Many credit unions look at the rosy side of community charters without giving much consideration to these significant brand-level consequences.
1. Lost focus
At one point, every credit union knew exactly who they served and why they existed, concentrating on the unique needs of a very specific audience. But community chartered credit unions often make the mistake of targeting “all people 18-55 with money and a pulse.” The bigger your target audience, the harder it is to find a unique value proposition. What’s the lowest common denominator? Rates and fees.

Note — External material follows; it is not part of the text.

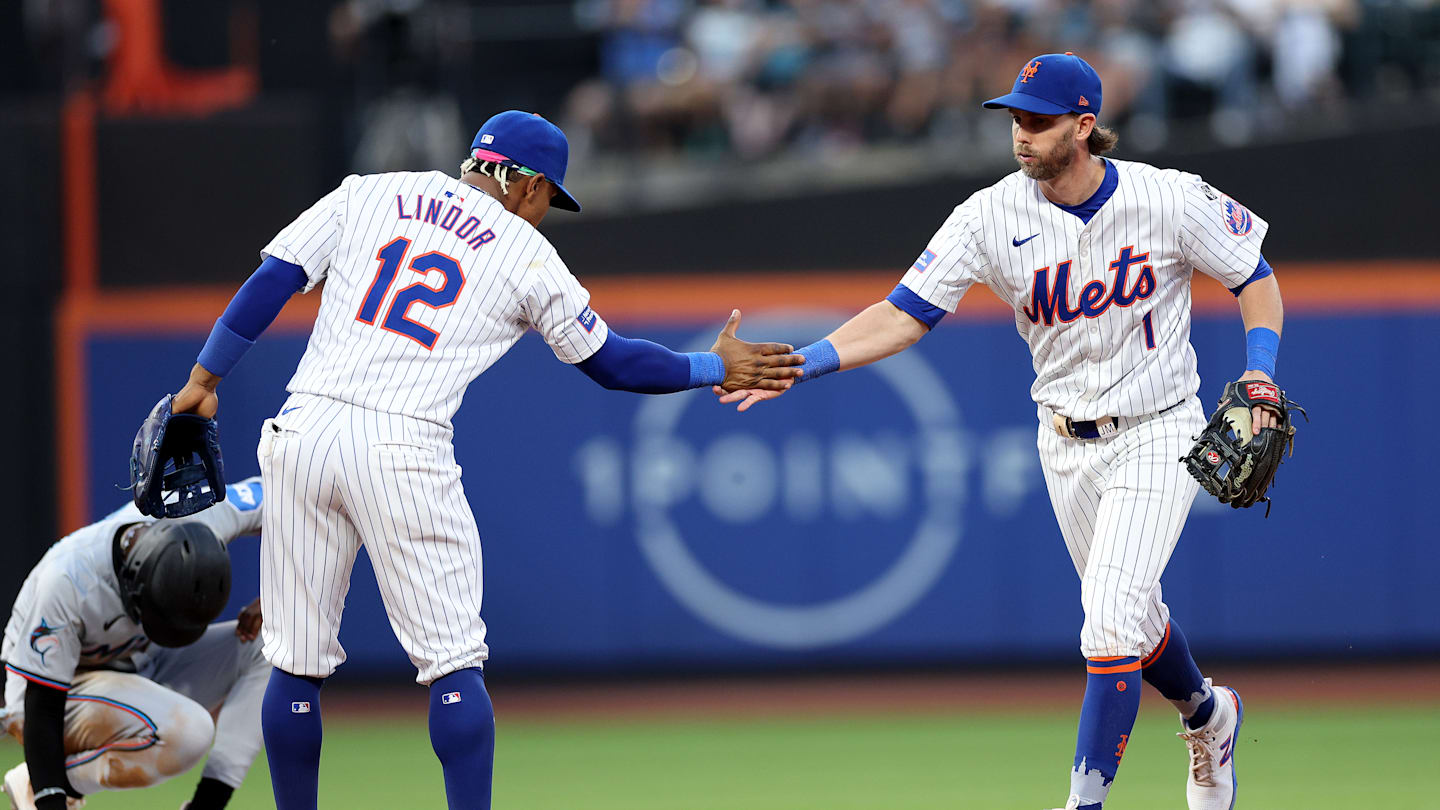 Miami Marlins v New York Mets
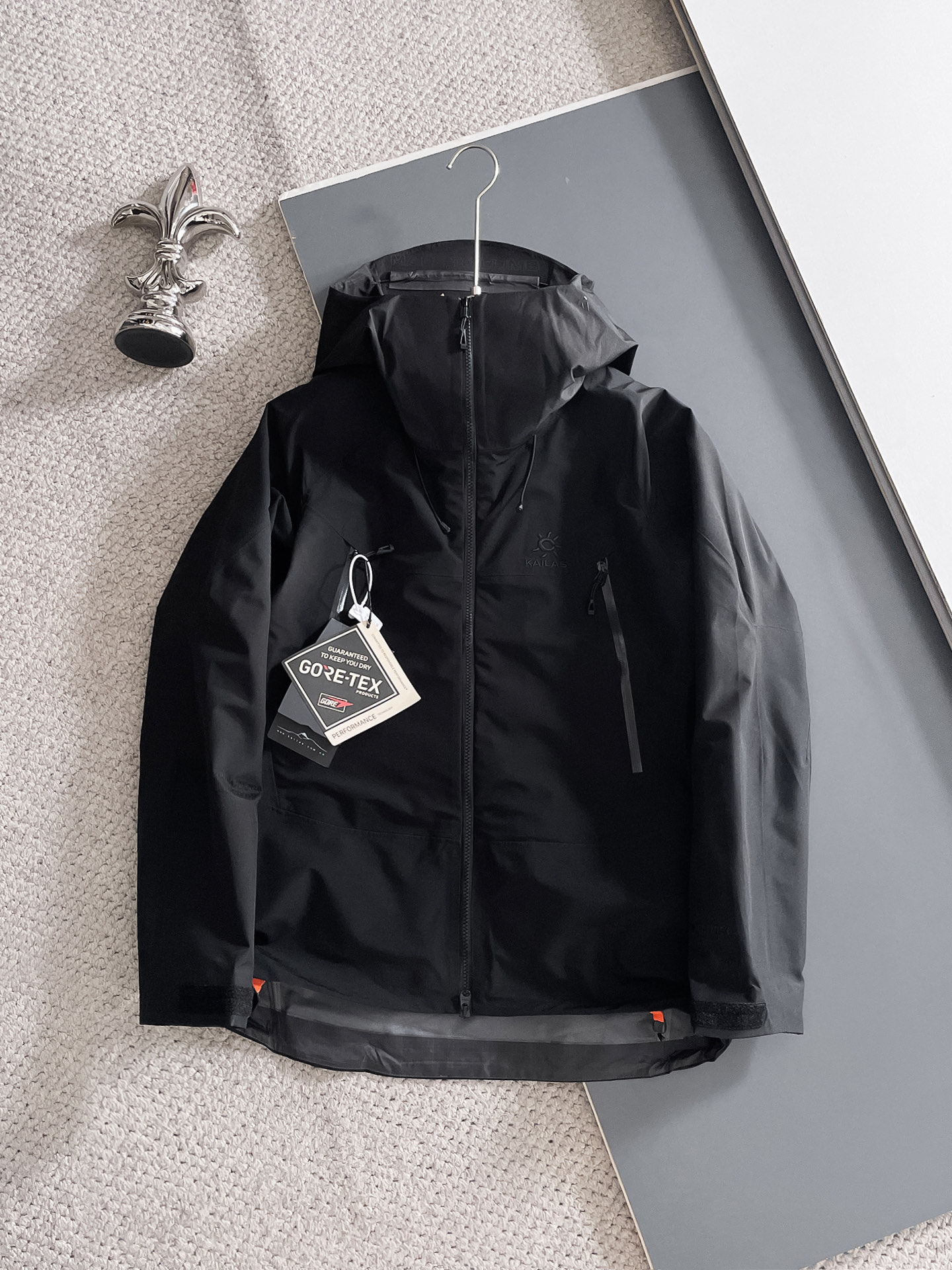 NO:522868,Exclusive one-to-one high-end version of the market [Chinese hard shell KA, ILAS Kaishi MONT X all-weather hard shell GTX waterproof mountaineering] Exclusive source Design concept: Chinese hard shell, Chinese mountain color, each mountain has its own temper, personality, each color has its own strength, changing day and night, the color blooms amazing vitality and beauty on the top of the snow-capped mountain, attracting climbers to explore the unforgettable color they meet. Color Wilderness Powder Mentzm Green Ice Lake Green Oxide Orange Black Rock Lime Number S M L XL XXL Fabric + Features: GORE TEX 3L fabric, cope with the storm and snow brought by the changing climate, and at the same time, windproof and breathable bring a better wearing experience, waterproof, windproof, breathable, lightweight, tear-resistant and wear-resistant, breathable 5000+  This unique exterior uses high-density T800Gore-tex memory three-in-one white cote fabric, full-cloth pressing process. Curved hat brim, better windproof and rainproof without covering the eyes, adjustable hat brim and hem drawstring. Multiple embroidery on the whole body is all made of Japan's top Tajima embroidery machine. High-open chest bags, easy to store and access when carrying, compatible with climbing and seat belts, easy to store and access when carrying, sufficient storage space. High-density technology fabric, windproof, wear-resistant, strong waterproof, combined with three-in-one technology, making the fabric more wide and stylish, the same style for men and women. The style is slim and pressure-free in autumn and winter. Adjustable sleeve loops are upgraded, more fit, more protective, and increase Velcro coverage area, easier to fit with one-hand operation. Outdoor ergonomic design, improves sports performance. Removable windproof snow skirt, comprehensively covering wind and snow, meets outdoor sports needs such as skiing and other outdoor sports needs such as skiing.  Hem can be adjusted with one hand, windproof and backflow, hem drawstring can be easily adjusted with one hand, built-in detachable foam to prevent upward sliding when wearing a seat belt High-open large-capacity insertion chest pocket, compatible with climbing and seat belts, and can also be easily carried. Professional ventilated zipper steam-permeable system under the armpit, two-way opening and closing, rapid ventilation and heat dissipation, timely restoration of dryness and comfort, avoid repeated unpacking and putting on and off, 360° three-dimensional hood, the cap is compatible with face movement, hood design is adjustable drawstring, warm and compatible Suitable for Asian people Function + style Style motorcycle style, ski outdoor Loose style Craft: This model uses GORE TEX  3L fabric, inner splicing full pressing process, high-density three-in-one technology fabric, a total of 16 small details and a very professional outdoor design. This is a four colors that are easy to see and explode, very unique and gorgeous, making you feel unique. The meaning of this model has its own aesthetic and unique design. It is also quite professional in the outdoor industry and can be called the most awesome hard shell in China., skirts, hats, alexander wang19860909市场独家一比一高版【中国硬壳KA,ILAS凯石 MONT X全天候硬壳GTX防水登山】独家货源 设计理念: 中国硬壳,中国山地色,每座山都有自己的脾气性格每个色彩都有自己的力量,随昼夜更替,色彩在雪山之巅绽放出令人惊叹的生命力与美感,吸引登山者去探寻相遇那一抹难忘的色彩. 颜色 绒蒿粉 缅茨姆绿 冰湖绿 氧化橙 矿石黑 岩石灰 码数 S M L XL XXL 面料+特点:  GORE TEX 3L面料,应对多变气候带来的暴风雨雪考验,同时防风透气带来更好的穿着体验,防水、防风、透气、轻量、抗撕裂耐磨,透气5000＋ 这款独特的外部,采用高密T800Gore-tex 记忆三合一白可特面料,全衣压胶工艺 弧形帽檐,更好的防风防雨不遮眼,可调节帽檐和下摆抽绳 全身多处刺绣全部采用日本进口顶尖田岛刺绣机 高开胸袋,背负时便捷存取,兼容攀登及安全带,背负时存取便捷,储物空间充足 高密科技型面布,防风,耐磨,强防水,配合三合一工艺使得面料更为挺阔有型了男女同款 版型偏修身 秋冬均无压 调节袖袢升级,更贴合强防护,增加魔术贴覆盖区域,单手操作更容易贴合 户外运动人体工学设计,提升运动表现 可拆卸防风雪裙,全面遮蔽风雪,满足滑雪等户外运动需求 可单手调节下摆,防风倒灌,下摆抽绳可单手轻松调节,内置可拆卸泡棉,防止穿着安全带时向上滑移 高开大容量插手胸袋,兼容攀登及安全带,背负状态也能轻松 腋下专业通风拉链透汽系统,双向开合,迅速通风散热,及时恢复干爽舒适,避免反复卸包和穿脱, 360°三维风帽,帽随脸动可兼容,连帽设计可调抽绳,保暖兼容 适合亚洲人群 功能＋版型 风格机车风、滑雪户外 版型宽松版型 工艺: 这款采用 GORE TEX 3L面料,内里拼接全压胶工艺,高密三合一科技型面料,全衣共计16个小细节和非常专业的户外设计,这是一款好看到爆炸的,非常个性艳丽的四个颜色,让你感受到与众不同,这款冲的意义有着自己的审美和独到的设计,在户外行业也是相当专业,堪称中国最牛的的硬壳,,skirts,hats,alexander wang,Men's clothing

2. The old name won’t work
If your credit union’s moniker includes a company name or word like “Employees” or “Teachers,” you will never convince the community that “everyone can join.” Adding the word “Community” to your name doesn’t work either. And you can’t go with an acronym, because every possible combination is already taken by a dozen other credit unions.
3. Estrange your sponsor
To your original sponsor, a community charter can be a slap in the face. It may look like you’re deliberately trying to distance yourself from them. As you change names and market to the general public, the feeling you were a “special club” disappears right along with that exclusive access you had to your sponsor’s employees.
4. Massive marketing muscle
Building a mass-market brand and generating name awareness takes a lot more than newsletters and postcards. It's a whole new level of marketing -- TV, radio, online -- along with a shocking new budget.
5. Cooperation becomes competition
Don’t be surprised when your pals at the credit union down the street give you the cold shoulder. You are, after all, trying to poach their members now.
6. Fuel for the ABA
The ABA opposes all forms of credit union expansion. Each new community charter fuels their fight for taxation: If every credit union had a community charter, then why shouldn’t they be taxed?